"That is so evidently a theological subtlety," said Mr. Spence, "science deigns it no reply."
"And yet," said Hester, "your last and highest formula, which refuses to represent the unknowable in any conception of human thought, bows down in worship and transcendent wonder to the 'cause' which makes murder, suicide, and every species of human wickedness result from 'A Law'!
"Because we believe that ultimately that law will evolve good. It appears a fact now thoroughly established, that all the organisms we are acquainted with, have been evolved by a gradual process rather than produced by a series of special creations, as has been so long the theory. And the evolution tends upward; that is, to produce new and more complicated organisms as time speeds on. This must in the end evolve higher good."

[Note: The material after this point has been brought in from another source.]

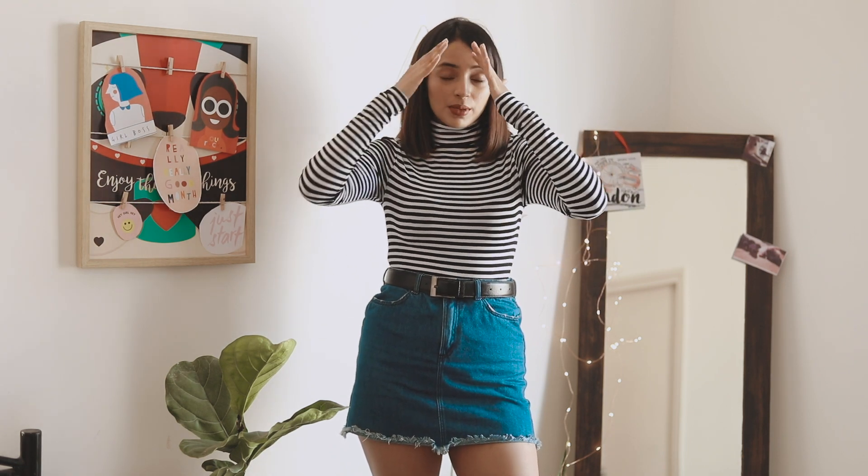The first essential is turtlenecks — I swear by turtlenecks. I wish I could wear them in summer but it's just too hot for full sleeves and high necks. This is a very simple basic turtleneck I bought from H&M for just 400 bucks and it's such a staple piece. I can layer it up, wear it inside sweaters and jackets, and pair it with literally anything — smart trousers, skirts, denims, you name it.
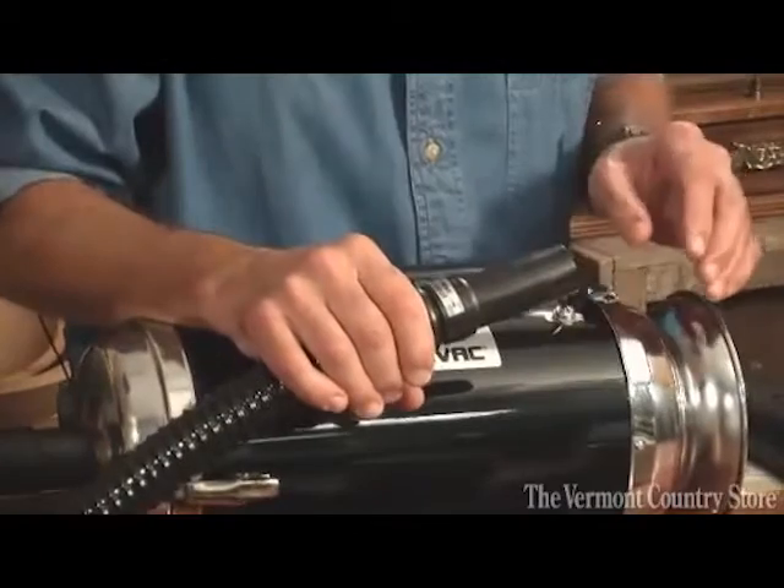A lot of modern vacuum cleaners don't have any way to blow. So this is a great item. Whoa! You hear that? It sounds like a V8, doesn't it? Our industrial vacuum cleaner. Terrific. Thanks a lot for listening. Bye-bye. Talk to you again.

"Do you mean that the lesser is ever producing the greater; and that in the aggregation of insentient matter life is evolved?"
"Does not the infant grow into the man by the aggregation of insentient matter assimilated into his being in the shape of food?"
"Yes, but life was there already; character and power, expansion and development it receives, but no new function."
"That is not so certain; or rather it is certain that evolution constantly manifests changes, which can only be accounted for on the ground of a great universal law, a law ever producing diversity of phenomena in unity of operation."
"But I do not see that it explains anything of the ultimate cause."
"Have I not already said that the cause is unknown and unknowable?"